- What to produce: Only the pictures should be left out; write out all other data exactly.

(Dataset entries)
★ ★ ★ ★
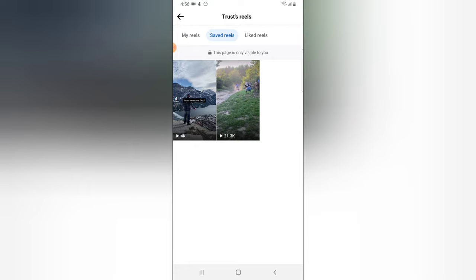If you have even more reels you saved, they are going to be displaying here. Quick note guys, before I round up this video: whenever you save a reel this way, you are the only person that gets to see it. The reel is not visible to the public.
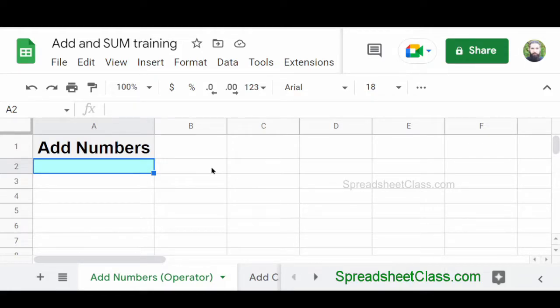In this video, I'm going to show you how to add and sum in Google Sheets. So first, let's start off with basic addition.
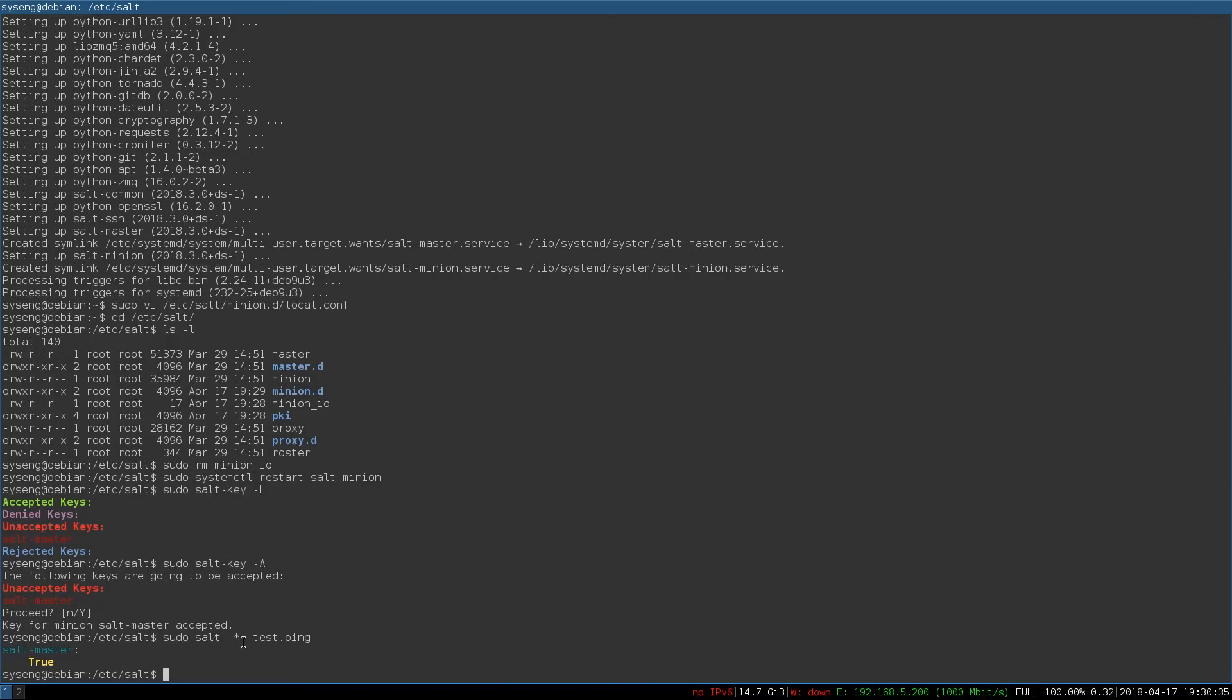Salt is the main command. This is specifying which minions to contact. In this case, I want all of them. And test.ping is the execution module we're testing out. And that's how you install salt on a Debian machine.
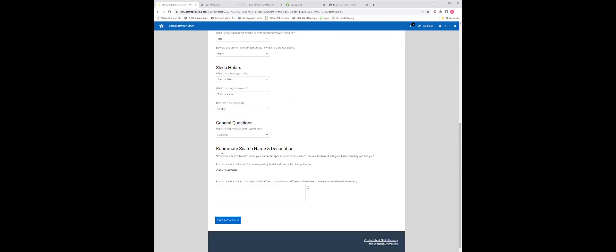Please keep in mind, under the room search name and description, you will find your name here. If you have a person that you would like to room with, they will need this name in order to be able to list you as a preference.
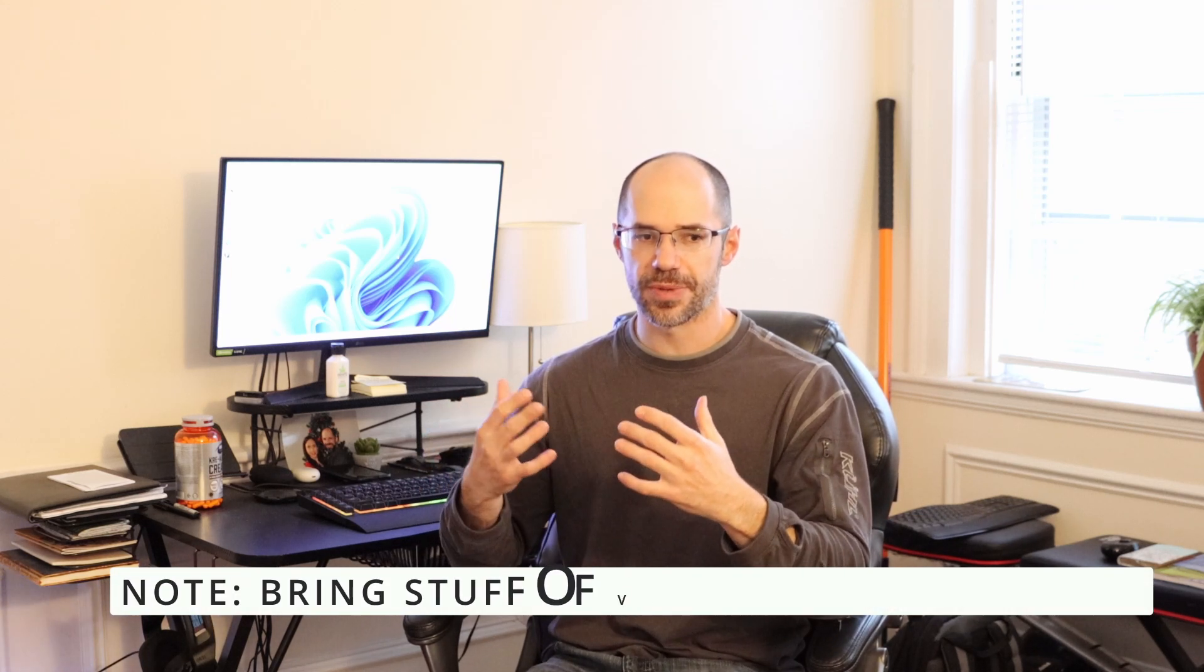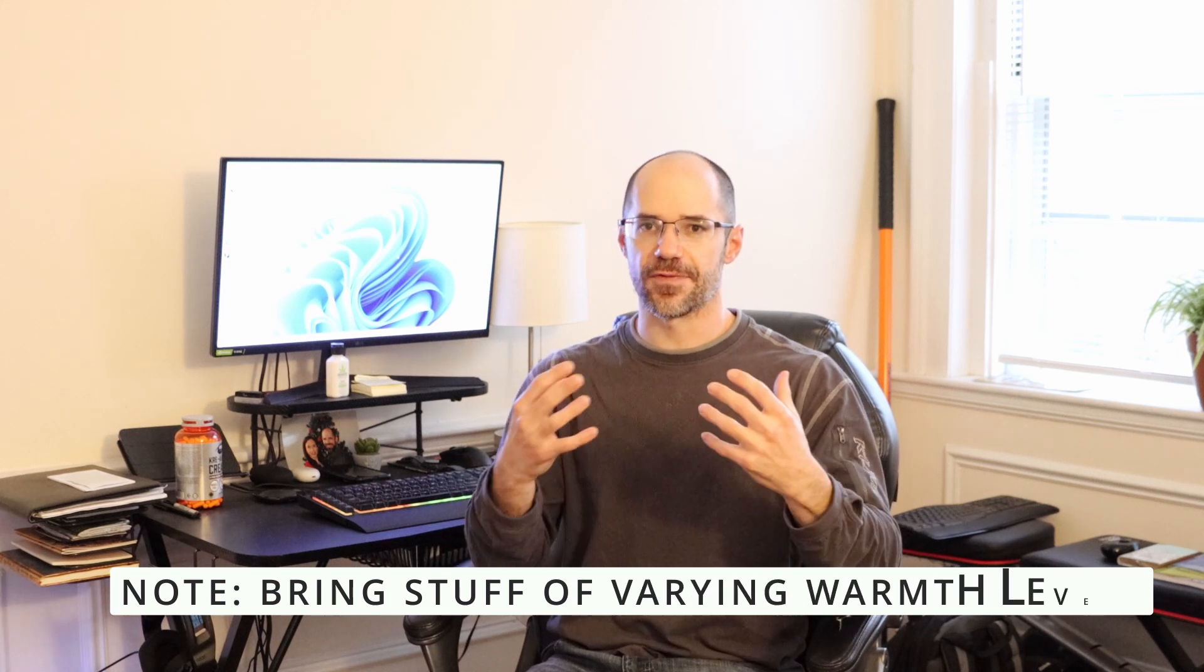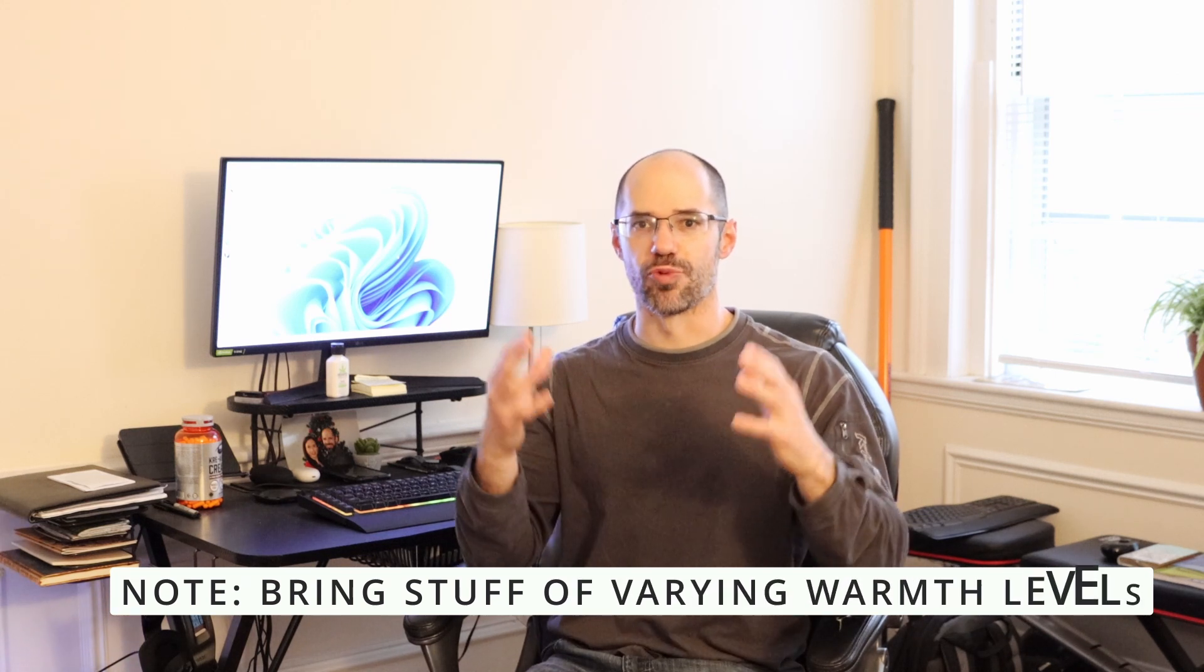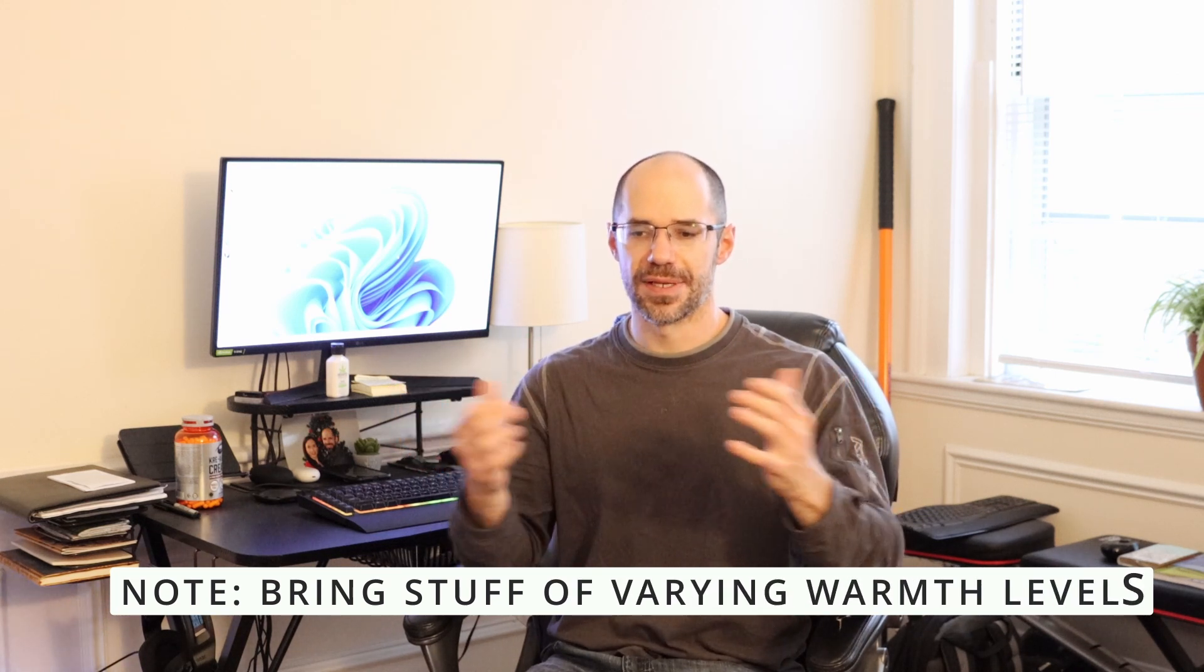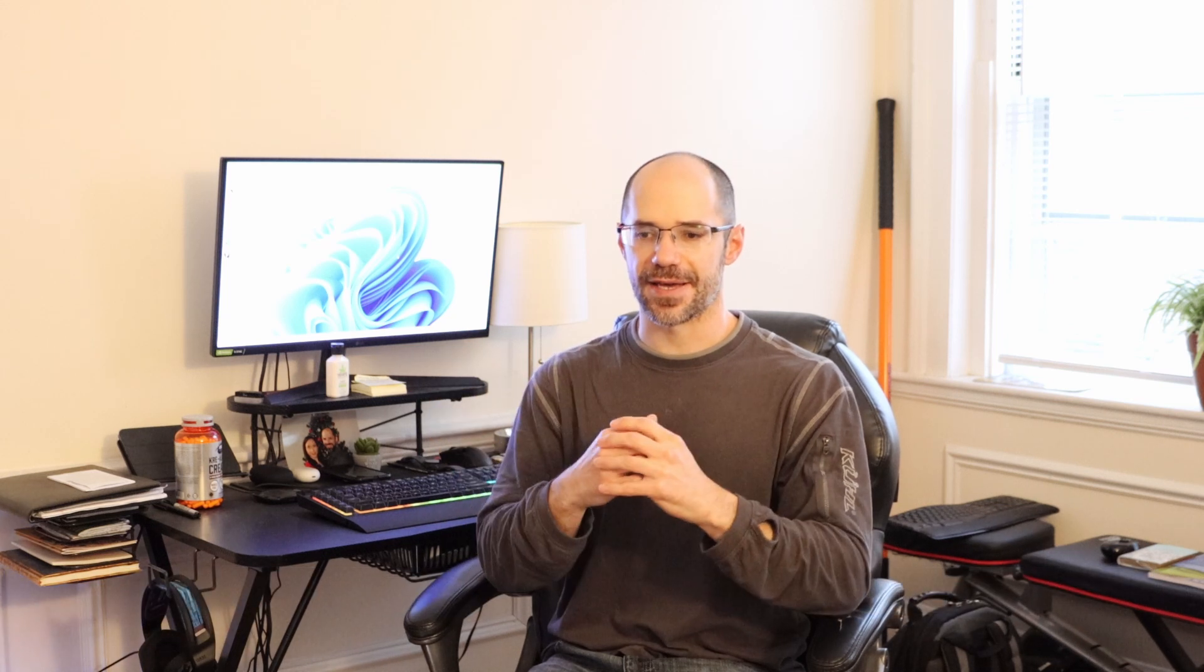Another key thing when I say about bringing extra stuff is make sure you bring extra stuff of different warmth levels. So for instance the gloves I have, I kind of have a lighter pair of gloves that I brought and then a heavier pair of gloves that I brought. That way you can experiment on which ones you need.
★ ★ ★ ★
- Solved problem:
If you have even more reels you saved, they are going to be displaying here. Quick note guys, before I round up this video: whenever you save a reel this way, you are the only person that gets to see it. The reel is not visible to the public.
In this video, I'm going to show you how to add and sum in Google Sheets. So first, let's start off with basic addition.
Salt is the main command. This is specifying which minions to contact. In this case, I want all of them. And test.ping is the execution module we're testing out. And that's how you install salt on a Debian machine.
Please keep in mind, under the room search name and description, you will find your name here. If you have a person that you would like to room with, they will need this name in order to be able to list you as a preference.
Another key thing when I say about bringing extra stuff is make sure you bring extra stuff of different warmth levels. So for instance the gloves I have, I kind of have a lighter pair of gloves that I brought and then a heavier pair of gloves that I brought. That way you can experiment on which ones you need.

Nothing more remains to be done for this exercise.